Problem details => Write out exactly the lines below from the one containing "Lucide LENNERT - Plafondspot" to the last, both ends kept, and nothing more; skip all pictures.
---+---
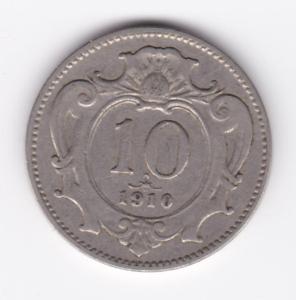 10 haléř (heller) 1910 - F.J.I. Rakousko-Uhersko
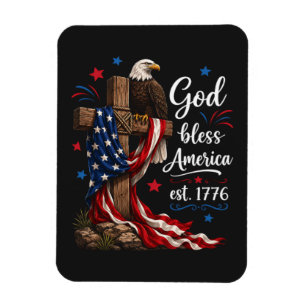 God Bless America Patriotic Cross Magnet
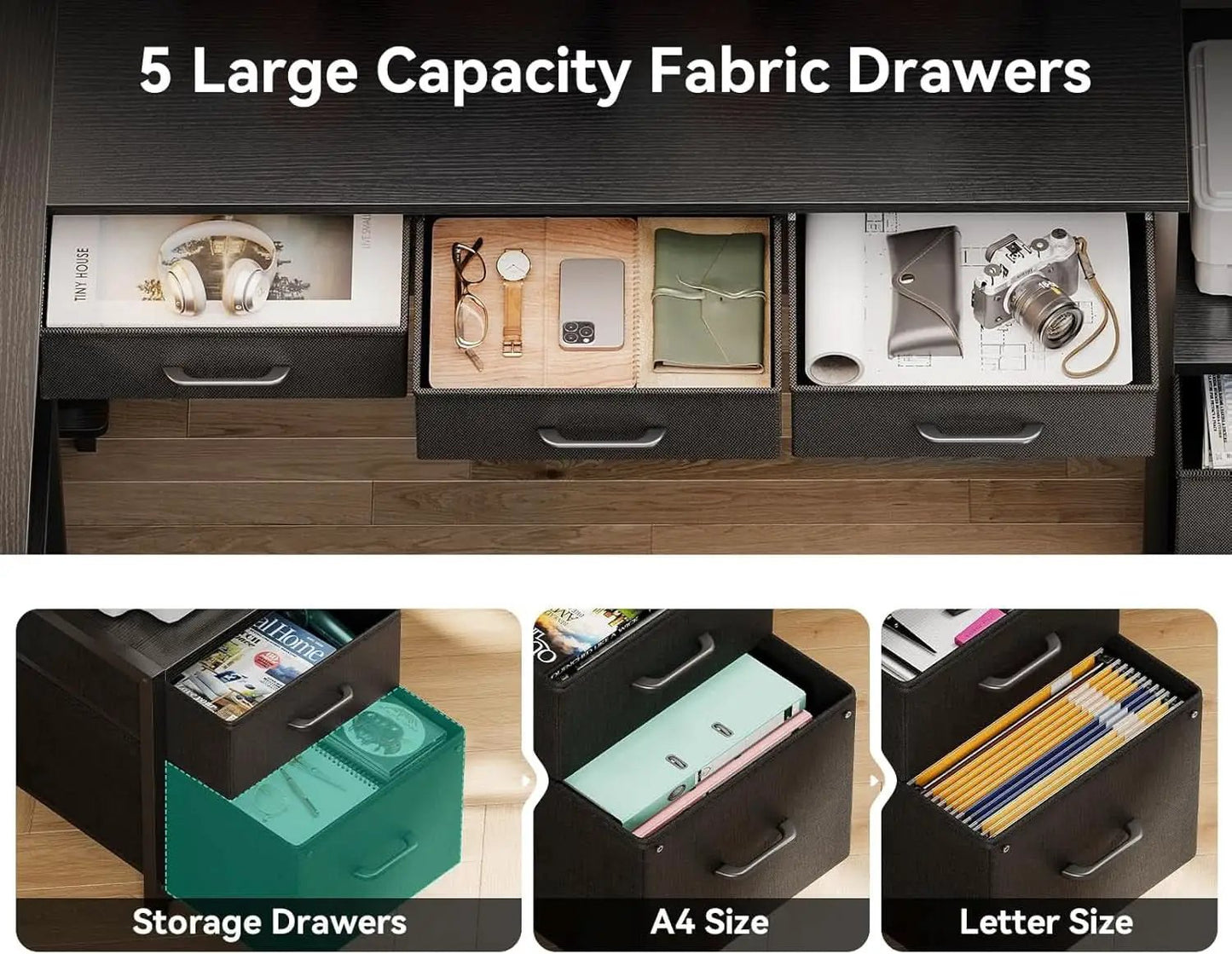 79 Inch L Shaped Desk With File Drawers Reversible Black from PriceLows™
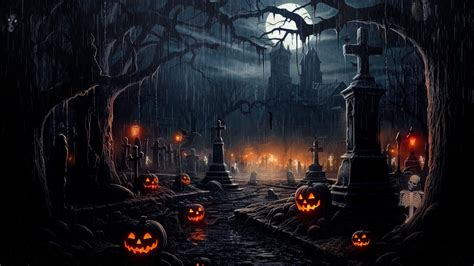 Haunted Cemetery Halloween Ambience W Relaxing Heavy Rain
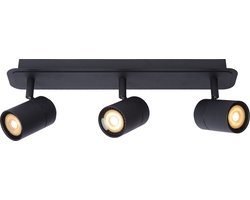 Lucide LENNERT - Plafondspot (Plafondlamp) Badkamer - LED Dimbaar - GU10 - 3x5W 3000K - IP44 - Zwart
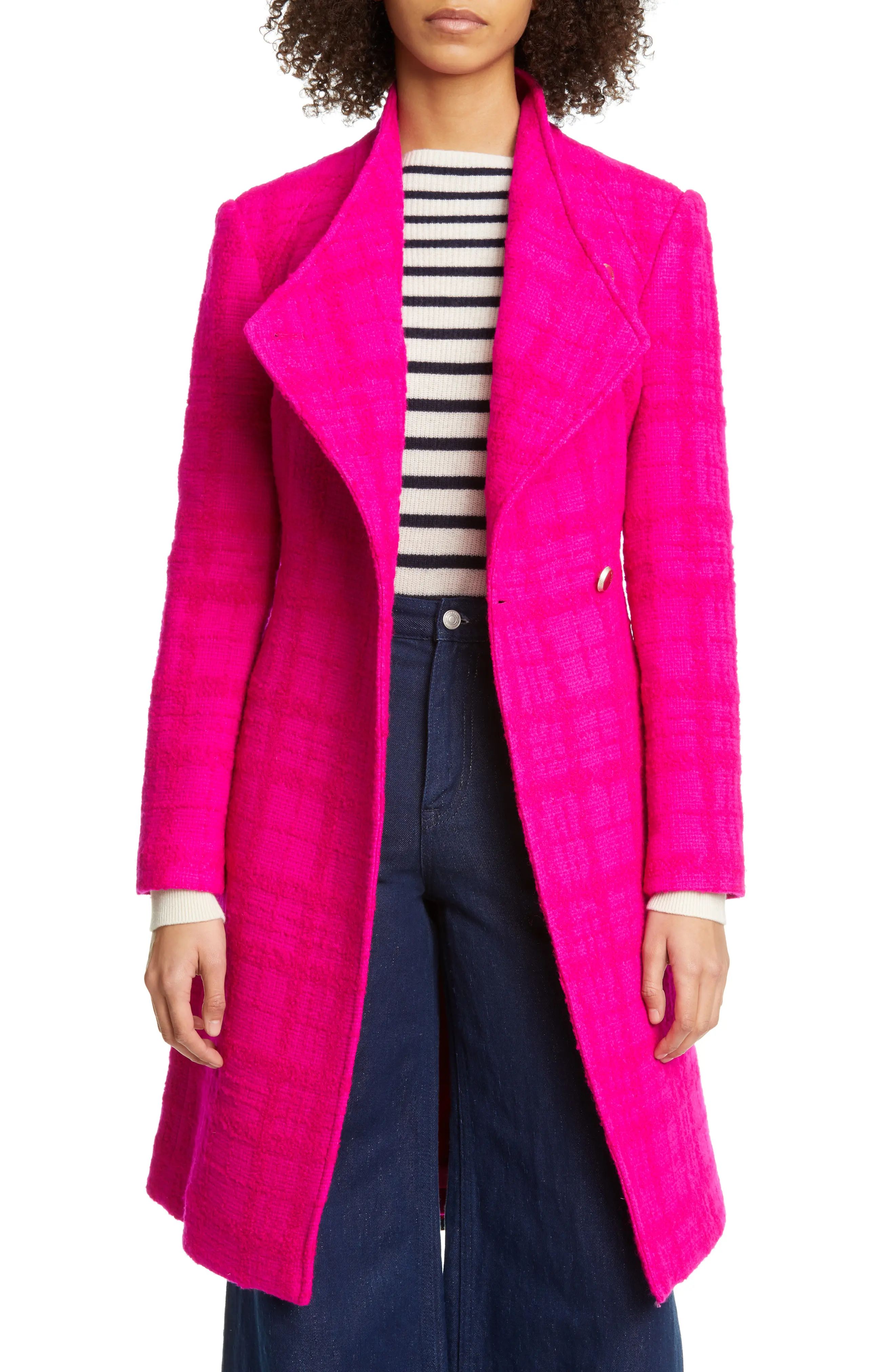 Women's Ted Baker London Ennala Shawl Collar Wool Blend Tweed Coat | Nordstrom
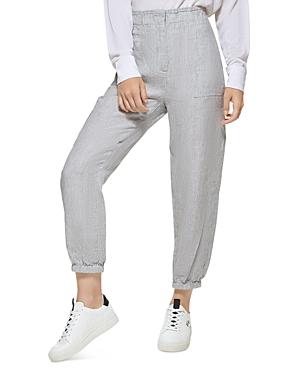 Dkny Striped Linen Jogger Pants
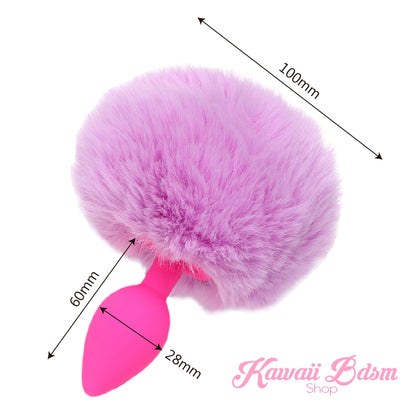 bunny rabbit vegan faux fur tail plug silicone stainless steel neko  kitten girl boy petplay pet sexy catgirl cat kitten adult toys buttplug plug anal ass submissive ddlg cgl mdlg mdlb ddlb little by Kawaii BDSM - cute and kinky / Worldwide Free Shipping (11264492231)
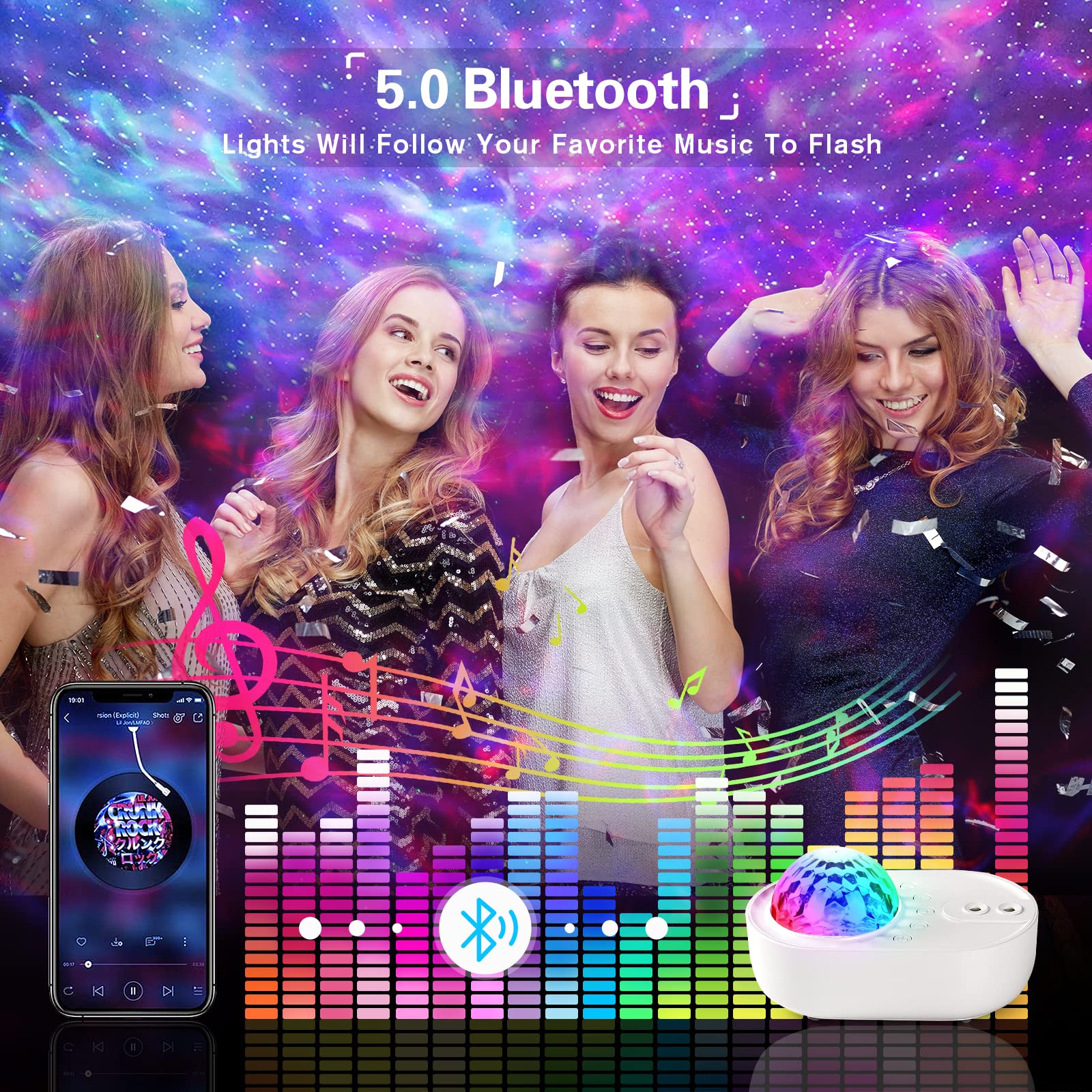 ONXE Star Projector - LED Nebula Cloud with Bluetooth Speaker, Remote Control, Multicolor, Model K-1069 for Bedroom & Home Theater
---+---
Result for this exercise =>
 Lucide LENNERT - Plafondspot (Plafondlamp) Badkamer - LED Dimbaar - GU10 - 3x5W 3000K - IP44 - Zwart
 Women's Ted Baker London Ennala Shawl Collar Wool Blend Tweed Coat | Nordstrom
 Dkny Striped Linen Jogger Pants
 bunny rabbit vegan faux fur tail plug silicone stainless steel neko  kitten girl boy petplay pet sexy catgirl cat kitten adult toys buttplug plug anal ass submissive ddlg cgl mdlg mdlb ddlb little by Kawaii BDSM - cute and kinky / Worldwide Free Shipping (11264492231)
 ONXE Star Projector - LED Nebula Cloud with Bluetooth Speaker, Remote Control, Multicolor, Model K-1069 for Bedroom & Home Theater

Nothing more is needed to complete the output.